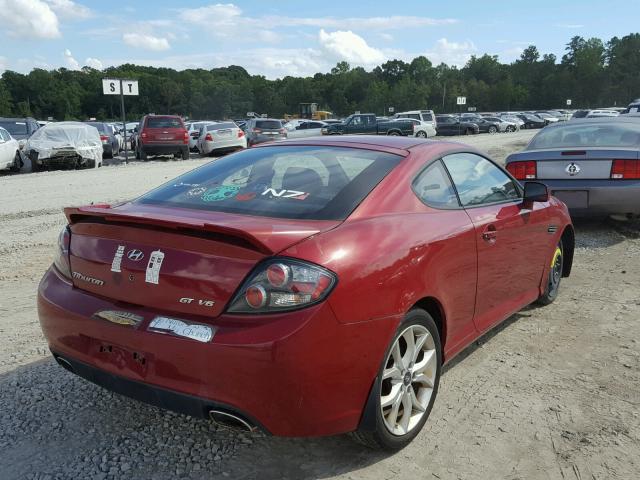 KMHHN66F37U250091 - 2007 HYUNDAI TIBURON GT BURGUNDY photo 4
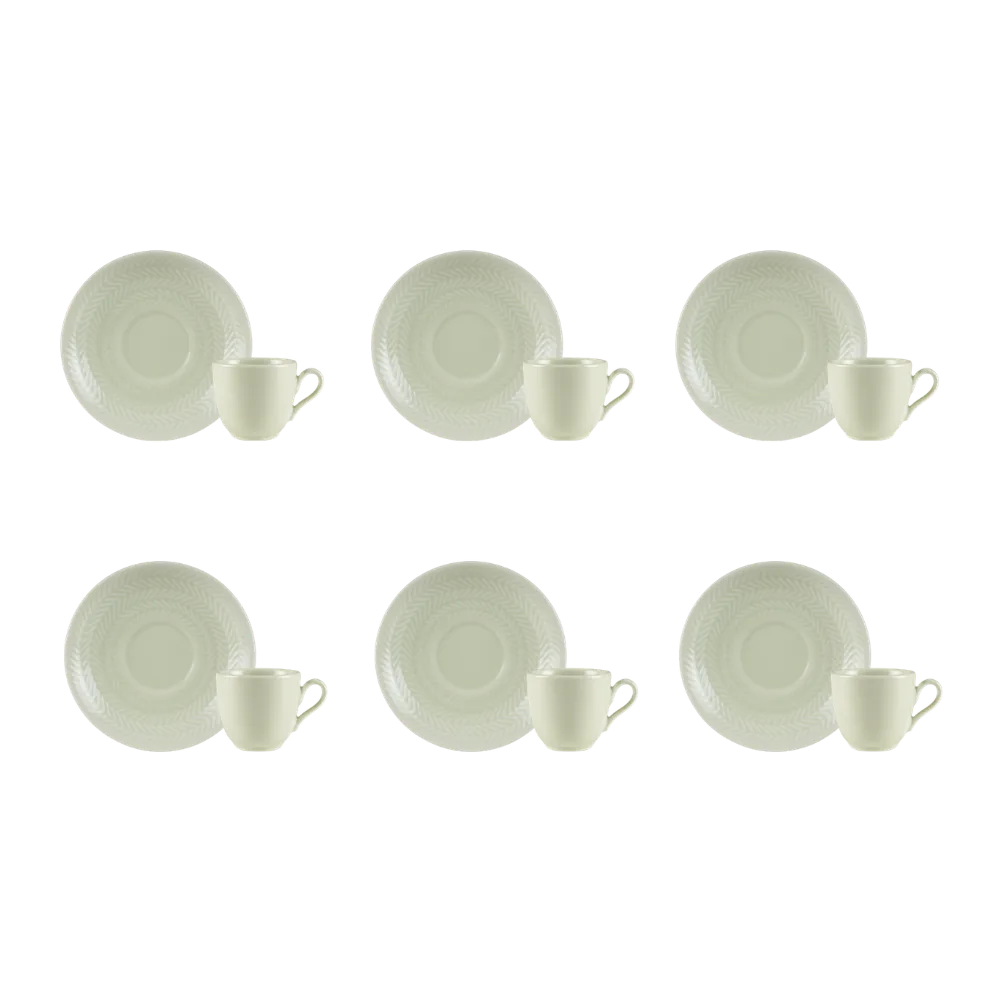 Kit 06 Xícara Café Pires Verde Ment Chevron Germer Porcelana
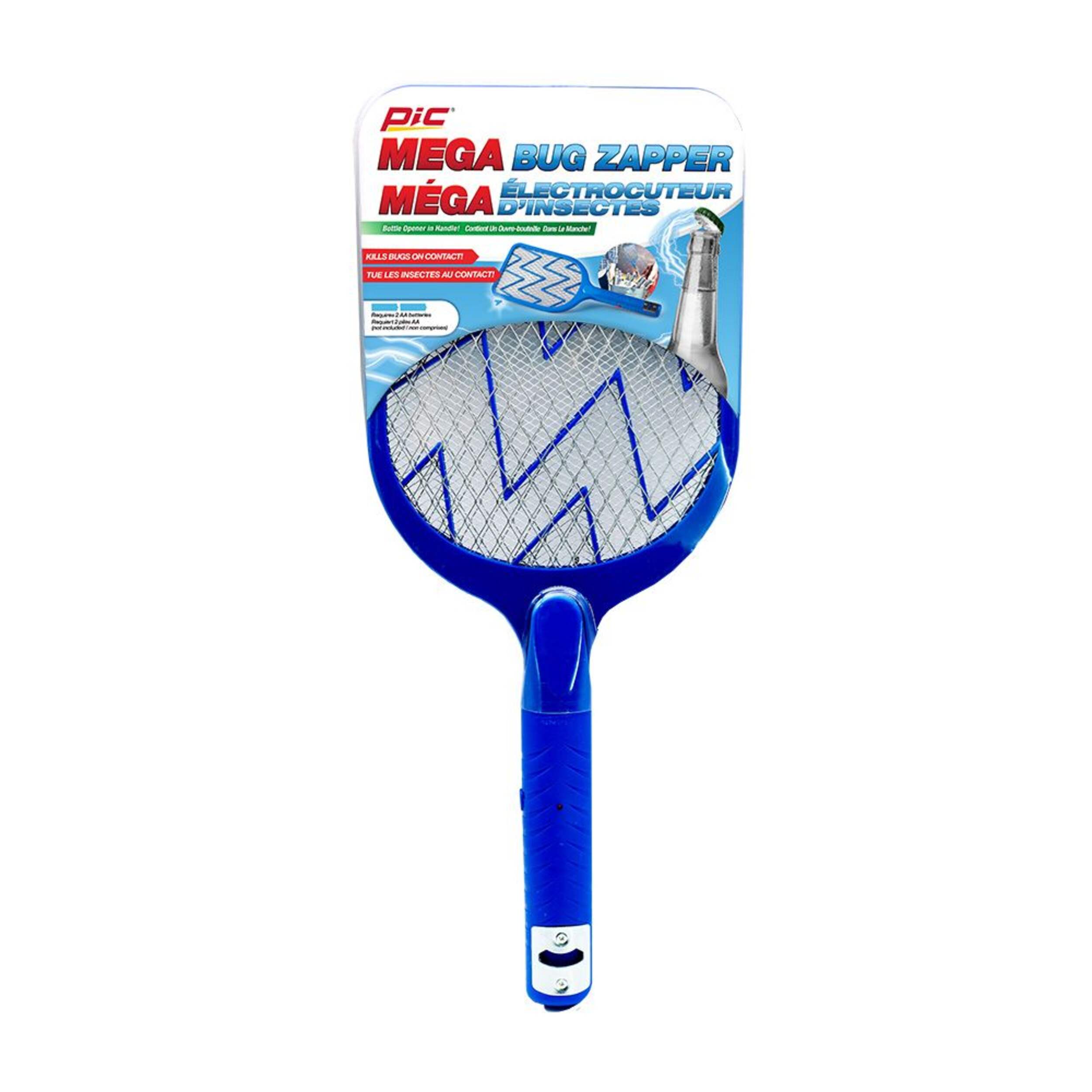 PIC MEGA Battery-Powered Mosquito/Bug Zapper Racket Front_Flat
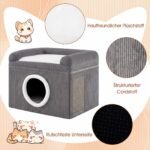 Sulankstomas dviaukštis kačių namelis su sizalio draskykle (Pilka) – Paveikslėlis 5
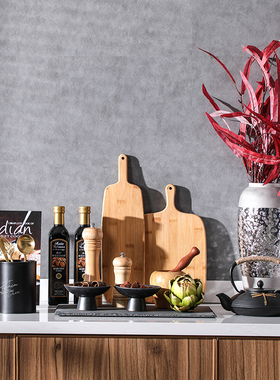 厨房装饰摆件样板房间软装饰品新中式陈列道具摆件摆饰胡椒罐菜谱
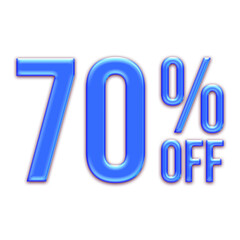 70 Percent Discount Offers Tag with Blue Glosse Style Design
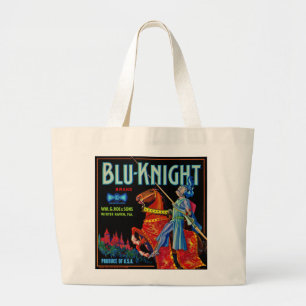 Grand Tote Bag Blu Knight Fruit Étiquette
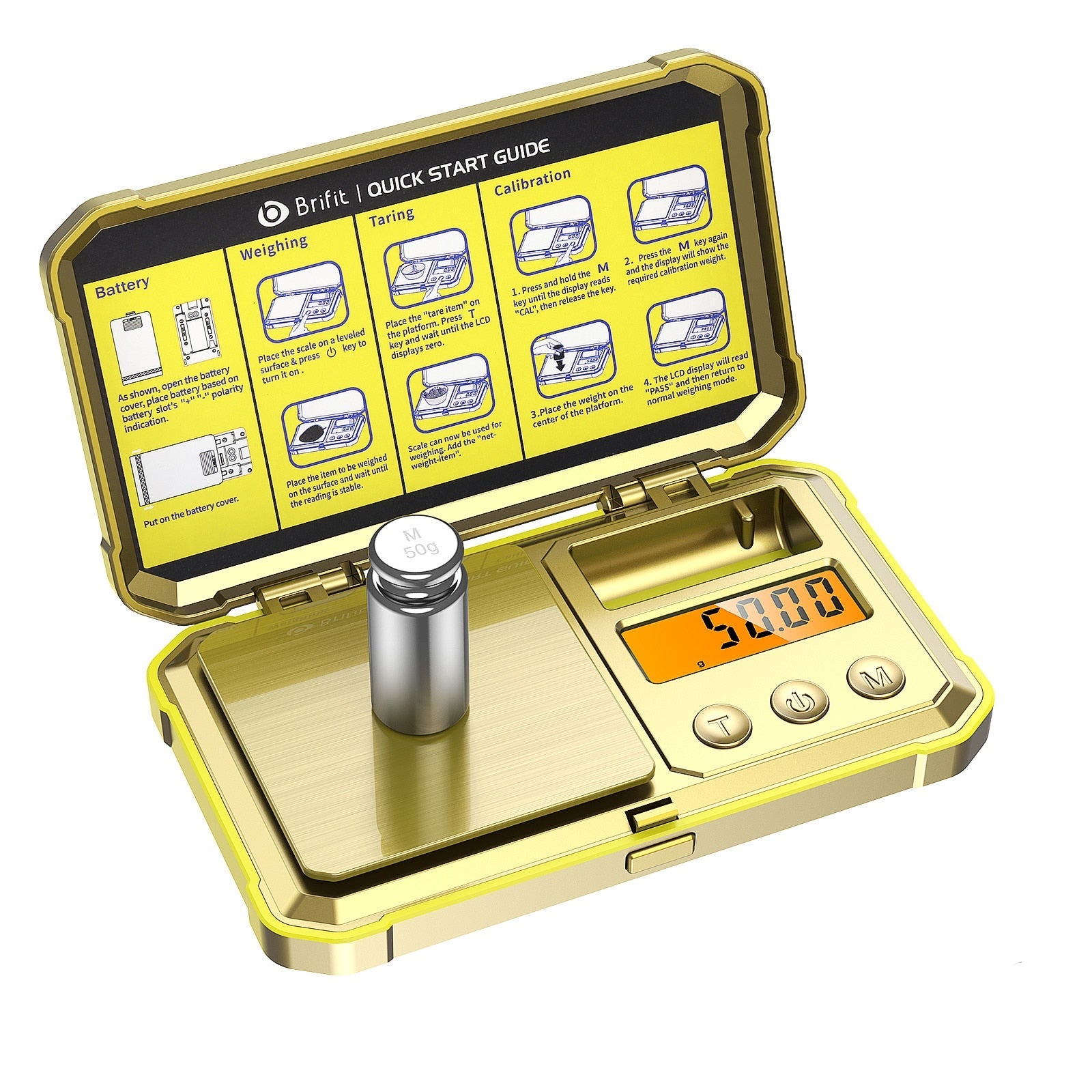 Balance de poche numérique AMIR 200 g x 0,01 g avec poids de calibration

========================================

The line containing "厨房装饰摆件样板房间软装饰品新中式陈列道具摆件摆饰胡椒罐菜谱" and every line after it, through the end of the data, are to be output exactly. Omit the pictures.

▸ THE COMPLETED TASK:
 厨房装饰摆件样板房间软装饰品新中式陈列道具摆件摆饰胡椒罐菜谱
 70 Percent Discount Offers Tag with Blue Glosse Style Design
 Grand Tote Bag Blu Knight Fruit Étiquette
 Balance de poche numérique AMIR 200 g x 0,01 g avec poids de calibration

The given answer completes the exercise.